One of the most powerful weapons a trafficker has to use against an immigrant victim is the threat to have that person deported back to the place they worked so hard to escape. Knowing this, the Trafficking Victims Protection Act – the law that made human trafficking a federal crime – included a process designed specifically to protect immigrant trafficking victims who could help to prosecute their traffickers. These processes included remedies such as Continued Presence – a temporary immigration status for individuals identified as victims of human trafficking and the issuance of T visas – a visa that allows victims of human trafficking to remain in the United States to assist authorities with an investigation.
While both Continued Presence and T visas still exist, survivors and other anti trafficking experts say the implementation of both these programs has changed in the last few years and the result has been devastating for many.
That’s why Polaris was glad to see a new policy directive issued this summer from the U.S. Immigration and Customs Enforcement agency (ICE) that is supposed to ensure that trafficking victims are protected.
Concerns over the past few years included the fact that wait times for the determination of whether a trafficking victim qualified for a T visa skyrocketed, while the number of T visas actually awarded decreased. An official policy change made applicants for T visas eligible for deportation proceedings immediately after being denied a visa. The combination of the logistical challenges and the policy change meant that some trafficking victims who had applied for immigration relief ended up in immigration detention or even deported before a determination was made on their application. At the same time, these and other immigration-related policy changes resulted in a reluctance for trafficking victims to even apply for T visas they qualified for, as a rejected application could actually initiate their deportation.
ICE’s new policy directive should provide some level of relief. It states that ICE will no longer take civil immigration enforcement action such as issuing deportation or detention orders against known trafficking victims, including those that have applications pending for T visas or other forms of immigration benefits. ICE officers and agents are also directed to proactively look for evidence that someone is a victim of a crime, even if they have not yet applied for benefits.

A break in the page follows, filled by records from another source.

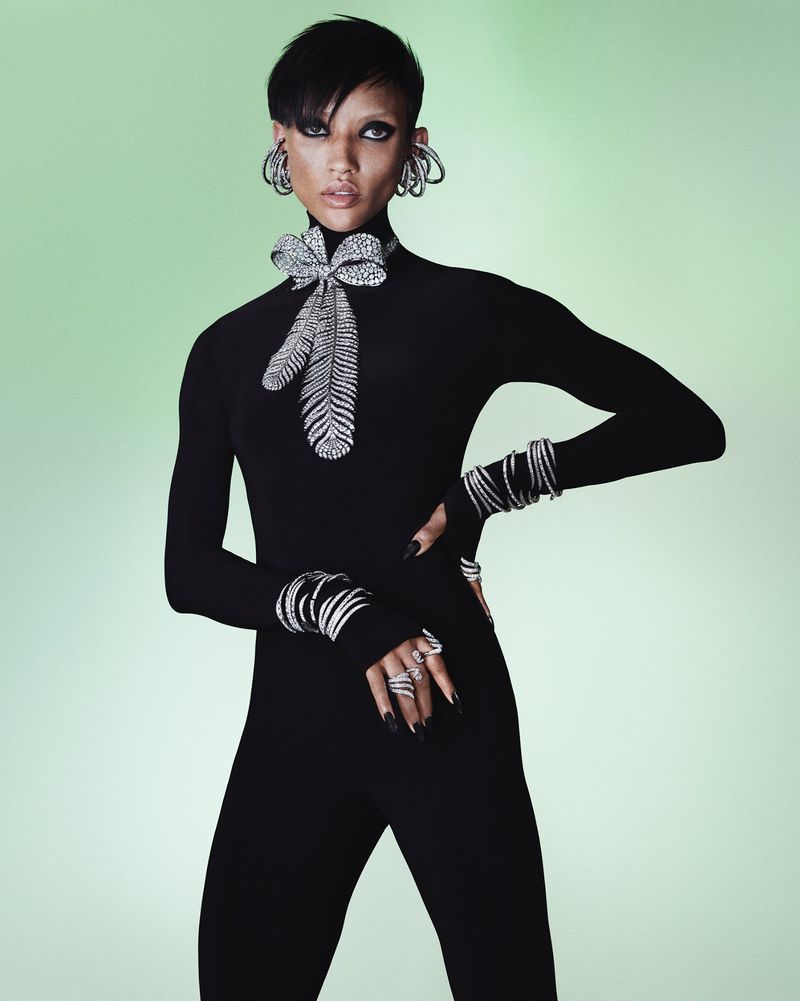 Portrait of an adult woman with black hair, wearing a black jumpsuit and silver jewellery, posing against a soft green gradient background.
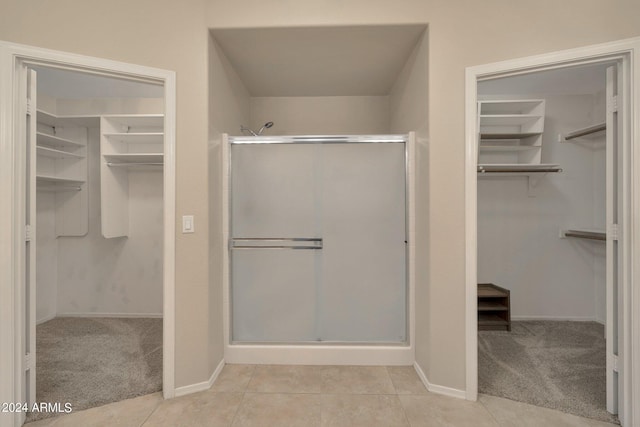 bathroom featuring tile patterned floors and a shower with door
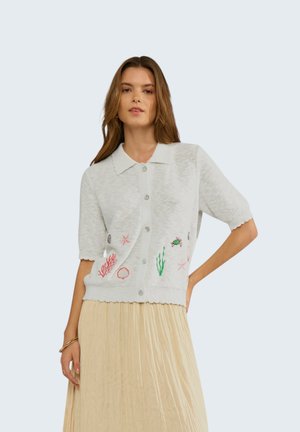 Femme portant un cardigan blanc à manches courtes boutonné avec une broderie sur le thème de la mer et une jupe plissée beige, posant avec une main sur la hanche.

This policy directive is an important step for the Administration to build trust with immigrant victims of crime, including victims and survivors of human trafficking, and to ensure that noncitizen victims receive the protections they deserve. At the same time, implementation of this policy, including training ICE officers and agents, ensuring compliance, and additional reforms, such as reducing wait times and increasing access to T visas, will be just as critical to providing meaningful services, support, and stability to victims of human trafficking in the United States.